O mundo é perigoso, as tentações são as mais diversas e esta lá: nosso filho a mercê dos grandes monstros da civilização moderna.
Psicoestimulantes (atuam no cérebro potencializando as funções motoras e cognitivas como a cocaína, cafeína, nicotina, anfetaminas e o “ecstazy”); alucinógenos/perturbadores (perturbam a percepção e processamento de informações como o LSD, a maconha e chá de cogumelo); depressores (atuam no cérebro reduzindo os níveis de ansiedade e inibindo certas funções nervosas como o álcool, ansiolíticos etc).
E a pergunta é: Porque afinal nos “drogamos”, mesmo sabendo que essas substancias podem, quando abusadas, nos fazer mal e, mesmo sendo ilegais, as utilizamos?
A maioria das drogas de abuso, como são chamadas, atuam em uma região cerebral denominada pelos cientistas de “circuito de recompensa dopaminérgico”. Não pare de ler, por favor, tentarei explicar. Para entendermos este sistema cerebral, precisamos entender que diabos é o “prazer”.

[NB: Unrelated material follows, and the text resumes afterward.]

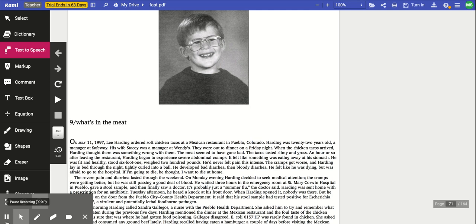Chapter 9: What's in the Meat? On July 11, 1997, Lee Harding ordered soft chicken tacos at a Mexican restaurant in Pueblo, Colorado. Harding was 22 years old, a manager at Safeway. His wife, Stacey, was a manager at Wendy's.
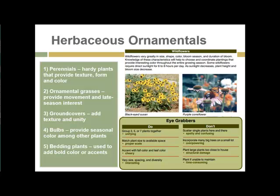Bulbs provide seasonal color, especially in spring. Bedding plants — annuals especially — can be used to quickly add bold color or accents in almost any area of a garden.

Para que serve o prazer que sentimos? Ora, temos prazer realizando coisas que de alguma forma nos fazem bem, por exemplo, fazendo sexo e realizando uma bela refeição. Sem sexo a espécie humana não deixa descendentes, e sem comida não há energia para nada. Então a natureza foi sábia. Já que existem tarefas que um ser não pode deixar de fazer, teremos então no cérebro uma recompensa, do mesmo modo que fazemos quando queremos recompensar alguém e damos uma moeda, carinho ou um salário. O cérebro nos dá a sensação subjetiva de prazer como recompensa. É o nosso próprio corpo dizendo a nós: “Olha, faça isso, que isso é realmente bom!”.
De uma maneira bem simples de se pensar, usa-se drogas para a obtenção de algum tipo de prazer. É uma forma relativamente fácil de obter um prazer que, na “natureza”, custaria muito. Esta aí o perigo das drogas. Elas dão extremo prazer ao usuário.
Com a freqüência de uso temos uma serie de acontecimentos como a tolerância (ter que usar maiores doses do que a inicial para proporcionar o mesmo efeito), a abstinência (quando não se usa a droga o sujeito é invadido de sensações desagradáveis) e também a compulsão (busca desenfreada pela droga, mesmo consciente do perigo de seu uso e abuso). O usuário passa então a buscar a droga para aliviar o desprazer. Situação bem estranha essa, não?
Deixando as definições de lado. Usamos drogas então para obter sensação de prazer e isso é comprovado por centenas de experimentos científicos lindos (quem tiver curiosidade me contate via e-mail). Usamos drogas também para evitar sensações de desprazer. O que fazer então?
Uma das sugestões é da OMS: A Organização Mundial de Saúde (OMS) reconhece que ações comunitárias podem efetivamente reduzir o consumo perigoso do álcool e outras drogas, de modo a reduzir a aceitabilidade do consumo abusivo destas no ambiente social e criando uma rede de informação sobre o risco do uso abusivo de tais substâncias. A OMS também informa os “10 fatos sobre a saúde adolescente” e entre eles temos que um quinto da população mundial é adolescente e 85% deles vivem em países em desenvolvimento, como o Brasil. Aproximadamente dois terços das mortes prematuras e um terço das doenças que afetem adultos estão associadas com condições ou comportamentos que começa na juventude, incluindo consumo de tabaco, falta de atividades físicas, sexo sem proteção e exposição a violência. Promover práticas saudáveis durante a adolescência poderá ocasionar uma vida mais longa e produtiva. A Organização ainda alerta para a grande quantidade de meninas grávidas, transmissão de doenças sexuais, má nutrição, doenças mentais (depressão, distúrbios alimentares, distúrbio do humor etc.) neste período, e dá direções para a prevenção de tais males por meio de ações comunitárias e culturais (http://www.who.int/).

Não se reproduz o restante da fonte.